第62話 プロの冒険者になる準備

 ――翌々日の月曜日。

 朝礼が鳴る前の、登校してきた生徒達が準備やおしゃべりに興じる時間帯。

 

「なるほどなぁ……お前がプロ冒険者に、ねぇ」


 何やら感慨深そうに呟く英次が、俺の机の上へ頬杖を突く。

 相変わらず背もたれを前にして座る、なんともだらしのない格好だ。


「まあ、とっくに身バレしちゃったし。断る理由はないかなって」


 俺は紙にペンを走らせつつ答える。


「あらやだ。あの翔くんが、こんなに立派になっちゃって」

「お前が俺の何を知ってんだよ」


 わざとらしく涙ぐんでハンカチを取り出す英次に鋭くツッコミを入れる。

 コイツこの野郎。

 無駄にキャラが濃いしカッコいい活躍があったせいで忘れがちだが、まだ出会って三週間弱しか経っていない。


 時期的にはまだ4月下旬。

 今週末からゴールデンウィークに突入するというくらいの序盤も序盤なのに、いつの間にか俺の全てを知ってるような言い方をしてきやがる。


 ――と、俺がイライラしているのには理由がある。

何が起きても怒ることのない海のように広い心を持つこの俺が、だ。

え? 豪気と君塚にぶち切れて、ダンジョンごと吹き飛ばしていただろって?

 ちょっと、記憶にございませんね(すっとぼけ)。


 とにかく、俺が少しばかりキレそうな理由は、今必死で書いているもののせいであった。

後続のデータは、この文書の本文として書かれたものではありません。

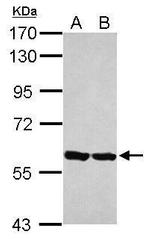 ERp57 Antibody in Western Blot (WB)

 ちなみに、漢字書き取りを忘れてきたとかそういう理由ではない。

 ぶっちゃけ、その方がまだよかった。


 俺は、いい加減手が痛くなってきてペンを放り捨てる。


「だぁ~~もう! サインとか、書くのダルすぎる! こんなことになるなら、プロのダンジョン冒険者になるの断ればよかったぁあああああっ!!」

「おい。さっき、「断る理由はないかなって(キリッ)」とか言っていたのはどこの誰だよ」


 山のように積み上げられたサインの書かれた書類の山を尻目に絶叫する俺を、ジト目で睨む英次。

 そんな目で見るなよ、こっちとしても完全に想定外だったんだ。

 そもそも俺はまだダンジョン冒険者として活動しているわけじゃないから、このサインの山はすべて、クラスメイトなど、頼んできた人達の分だ。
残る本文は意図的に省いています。